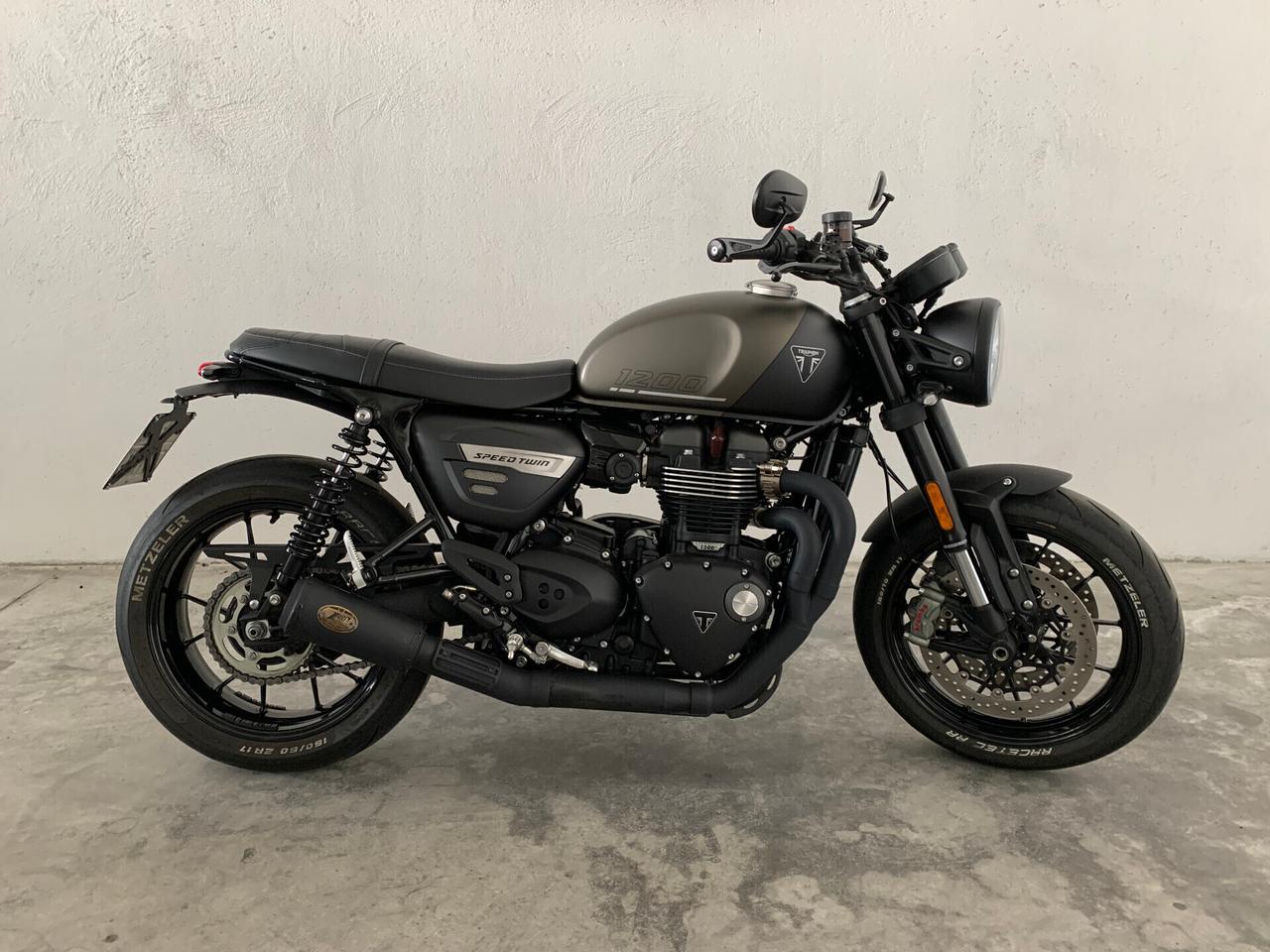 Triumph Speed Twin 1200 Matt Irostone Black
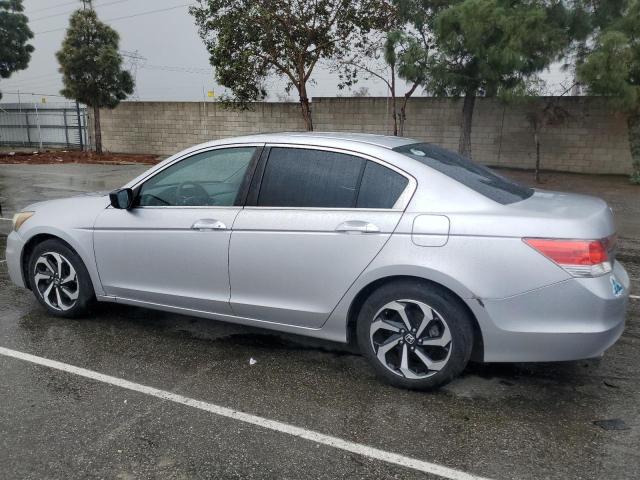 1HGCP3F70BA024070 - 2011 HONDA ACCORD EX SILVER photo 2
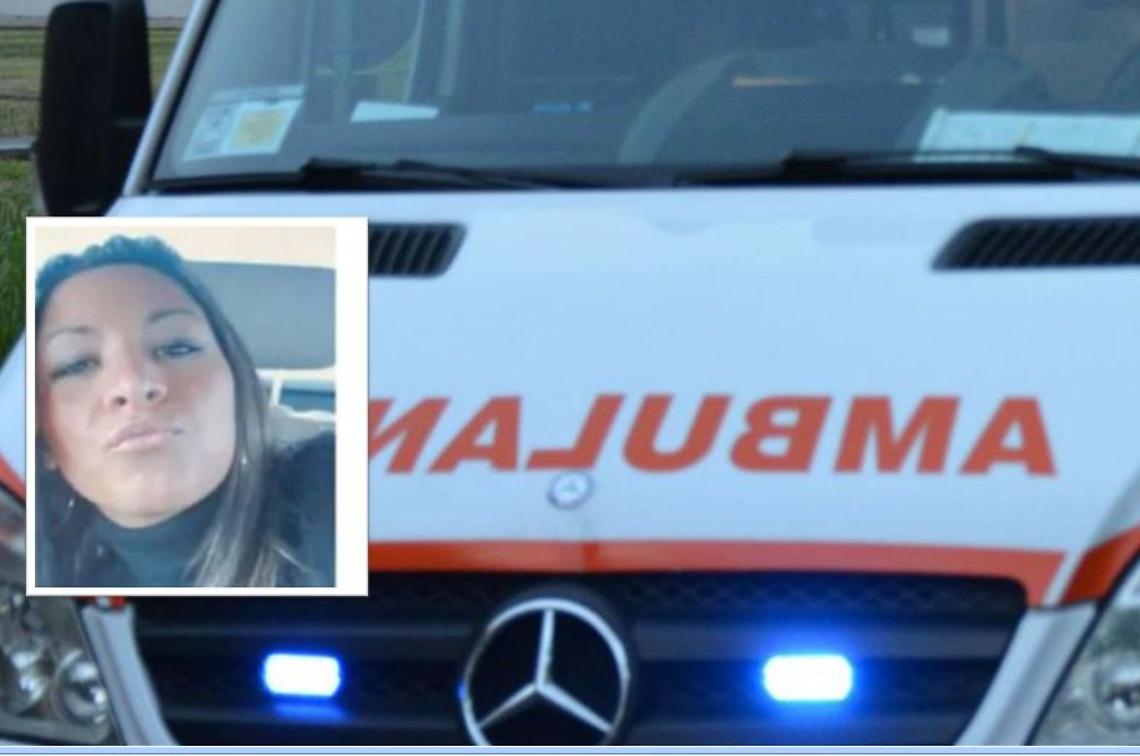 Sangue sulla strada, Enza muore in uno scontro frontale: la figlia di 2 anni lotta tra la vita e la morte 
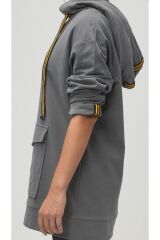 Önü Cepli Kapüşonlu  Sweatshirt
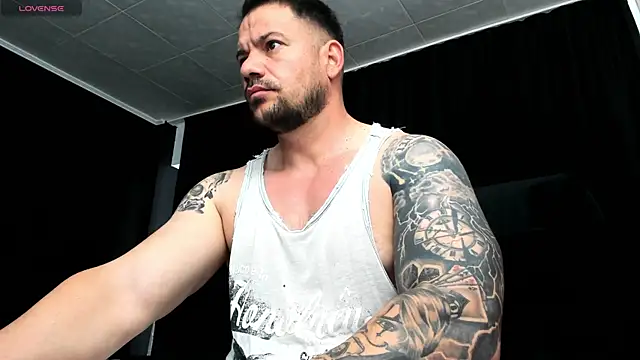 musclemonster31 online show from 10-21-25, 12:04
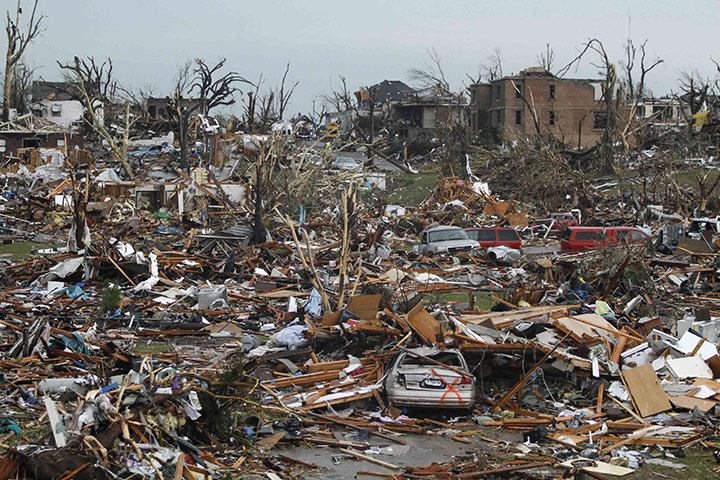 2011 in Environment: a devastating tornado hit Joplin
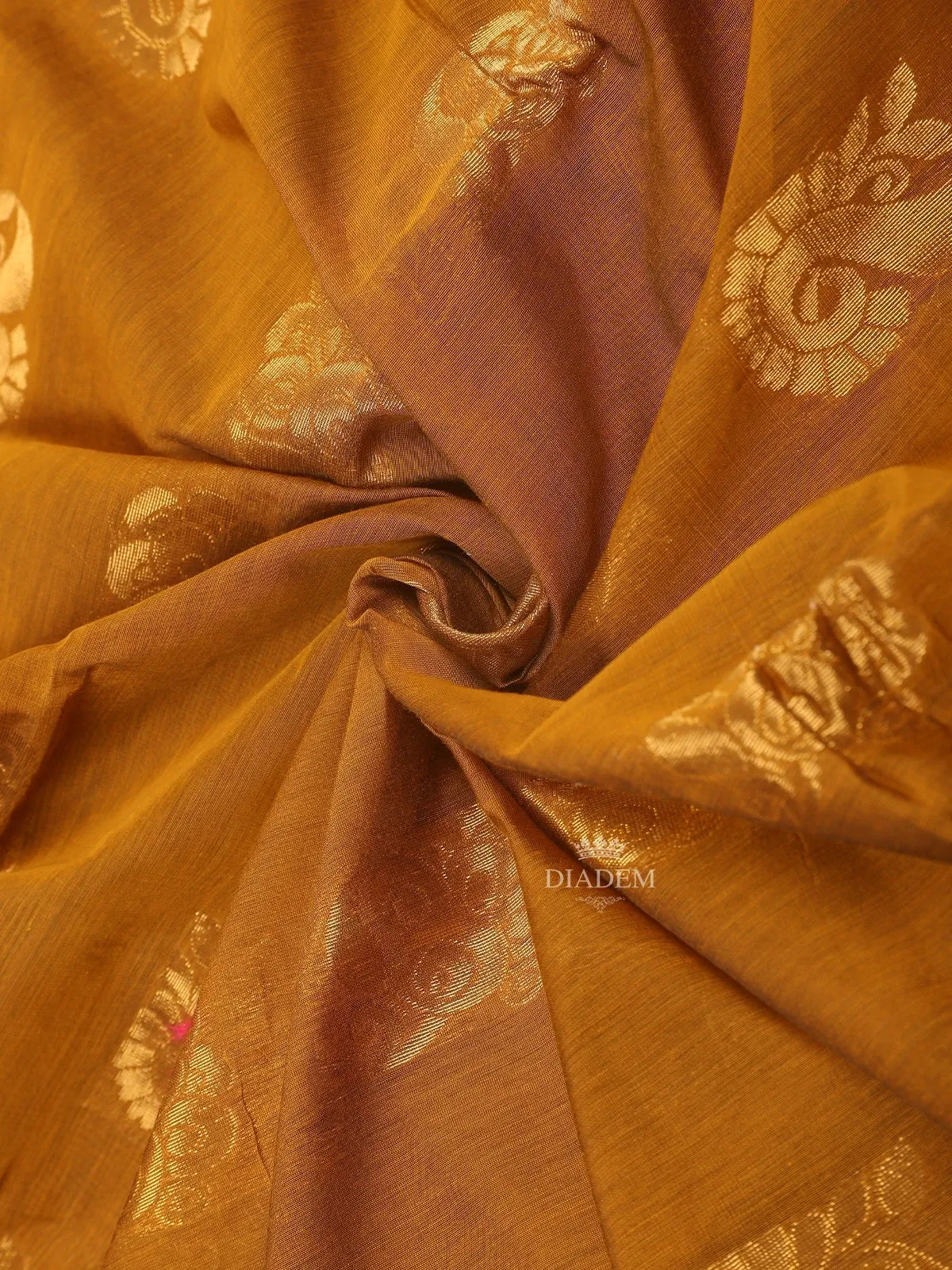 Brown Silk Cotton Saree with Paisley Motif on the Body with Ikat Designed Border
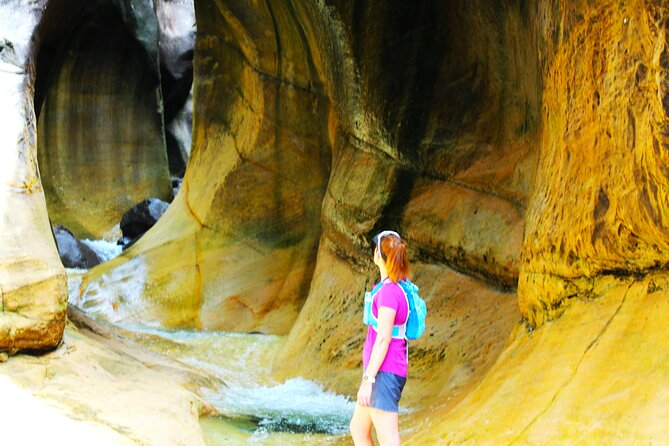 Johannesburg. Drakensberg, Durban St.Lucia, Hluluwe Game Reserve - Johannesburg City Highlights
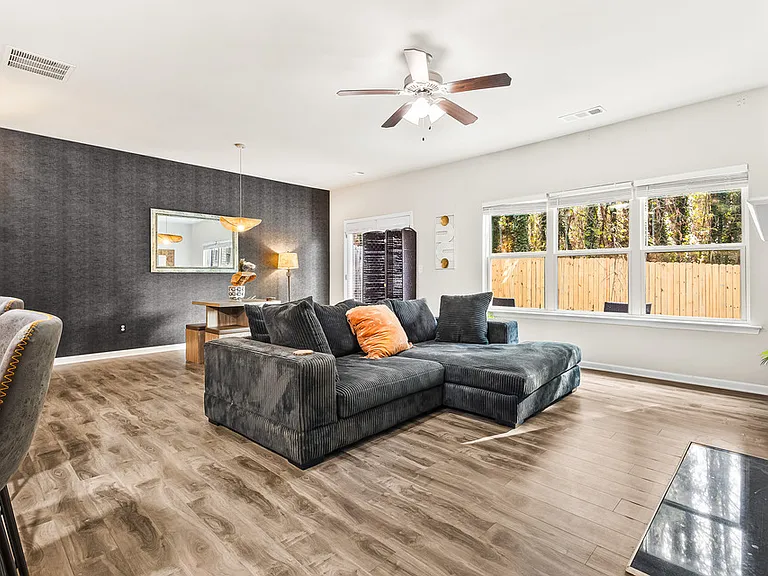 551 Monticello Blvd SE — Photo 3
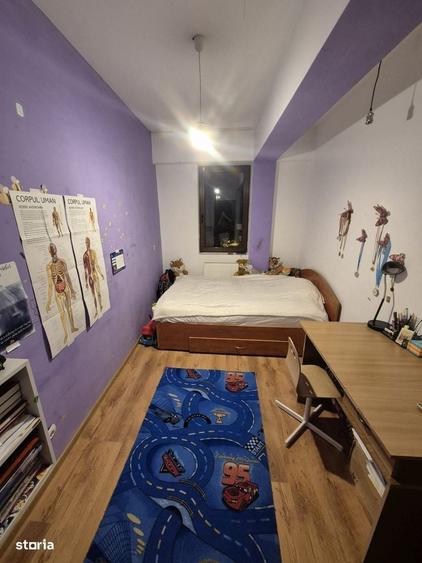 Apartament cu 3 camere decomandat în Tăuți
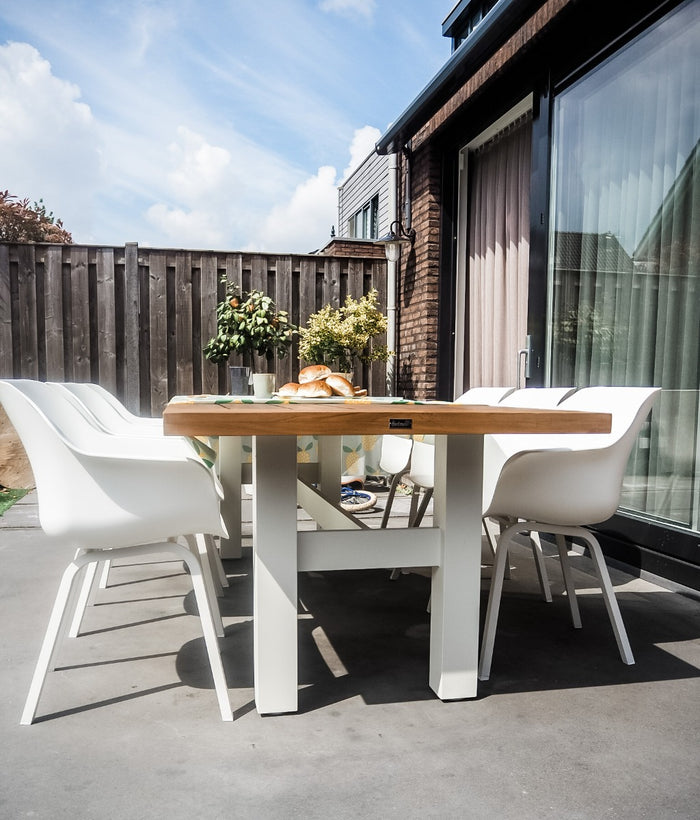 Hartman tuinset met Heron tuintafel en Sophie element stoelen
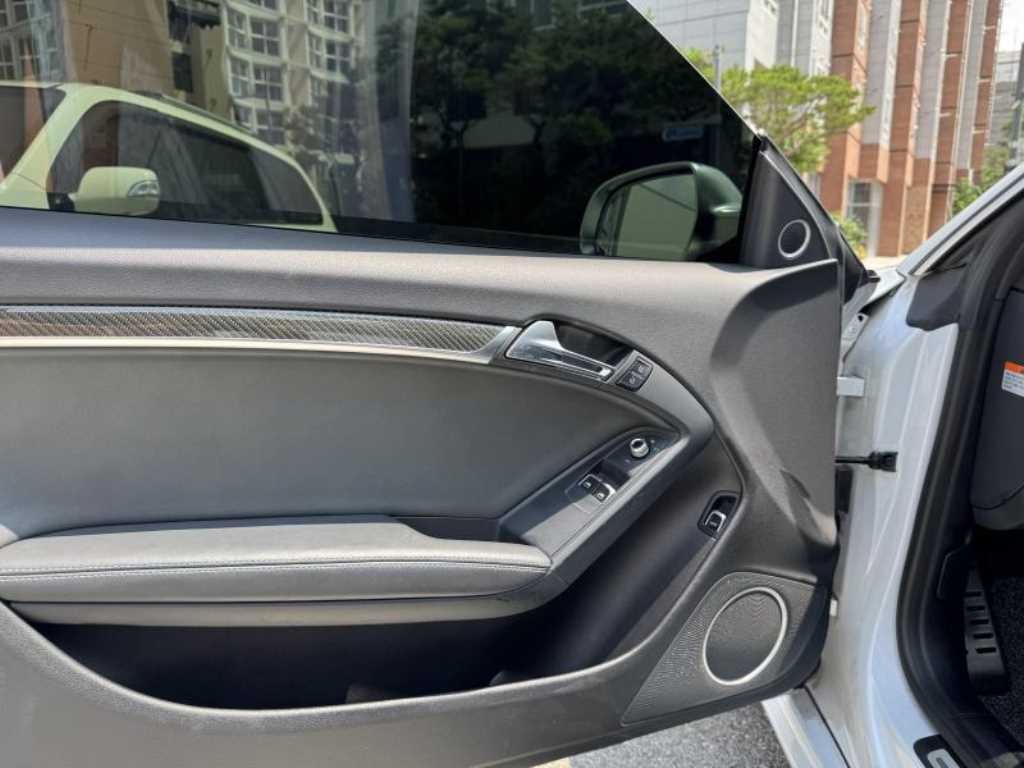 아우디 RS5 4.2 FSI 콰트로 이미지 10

==*==

Directions: Would you retype the lines from the line containing "Brown Silk Cotton" to the final line of the entries above, exactly as given and without pictures?

Response:
 Brown Silk Cotton Saree with Paisley Motif on the Body with Ikat Designed Border
 Johannesburg. Drakensberg, Durban St.Lucia, Hluluwe Game Reserve - Johannesburg City Highlights
 551 Monticello Blvd SE — Photo 3
 Apartament cu 3 camere decomandat în Tăuți
 Hartman tuinset met Heron tuintafel en Sophie element stoelen
 아우디 RS5 4.2 FSI 콰트로 이미지 10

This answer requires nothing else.